Print the lines below from the line with "El ganador de" to the line with "EHC Model Diorama" exactly, keeping both ends, and print no pictures.
═══ DATA EXTRACTS
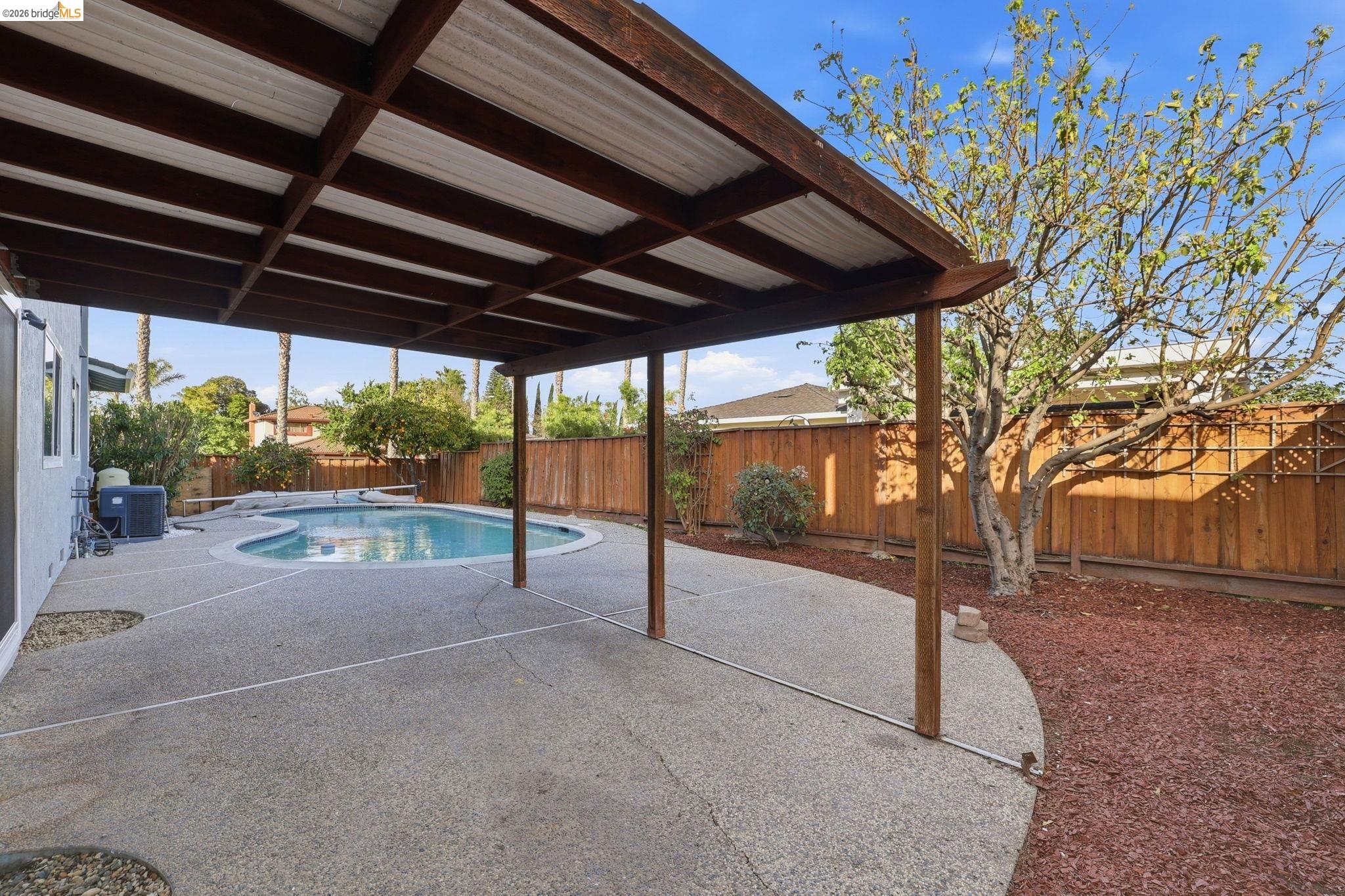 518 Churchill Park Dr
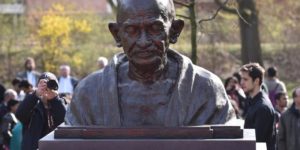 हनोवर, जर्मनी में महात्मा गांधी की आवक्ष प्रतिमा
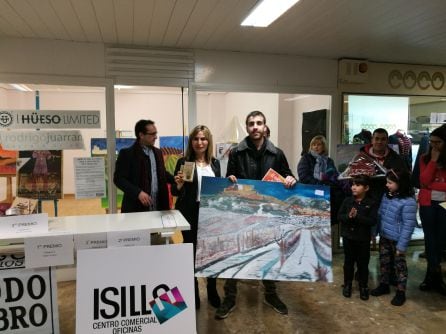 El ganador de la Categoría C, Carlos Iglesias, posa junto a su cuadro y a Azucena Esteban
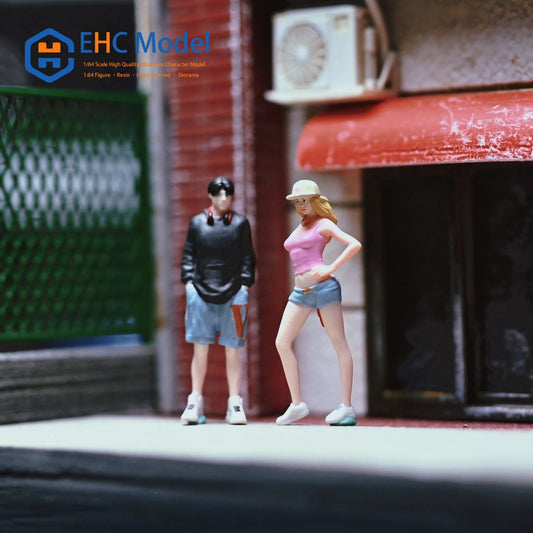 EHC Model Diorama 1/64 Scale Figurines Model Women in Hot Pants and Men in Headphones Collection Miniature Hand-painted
══════
═══ DATA EXTRACTS
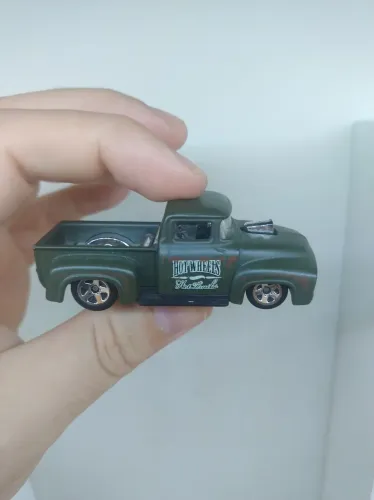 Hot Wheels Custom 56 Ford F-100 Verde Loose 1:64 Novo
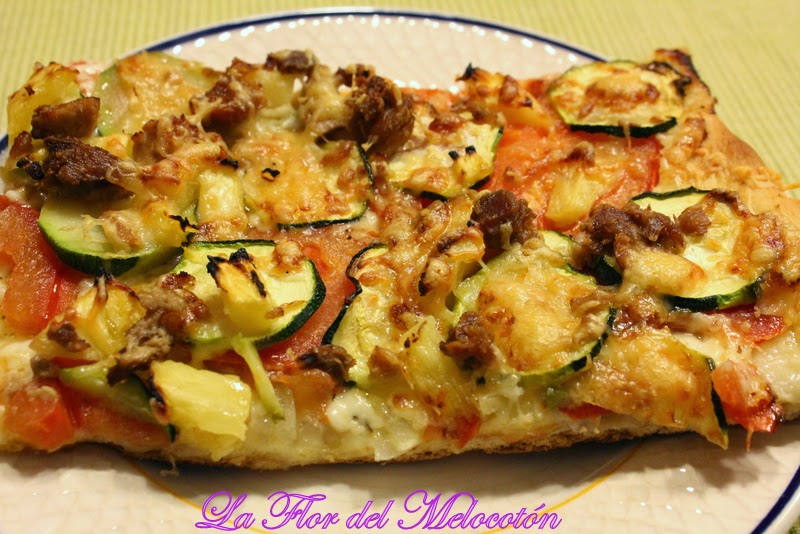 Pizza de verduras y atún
══════
REPLY TO THE TASK:
 El ganador de la Categoría C, Carlos Iglesias, posa junto a su cuadro y a Azucena Esteban
 EHC Model Diorama 1/64 Scale Figurines Model Women in Hot Pants and Men in Headphones Collection Miniature Hand-painted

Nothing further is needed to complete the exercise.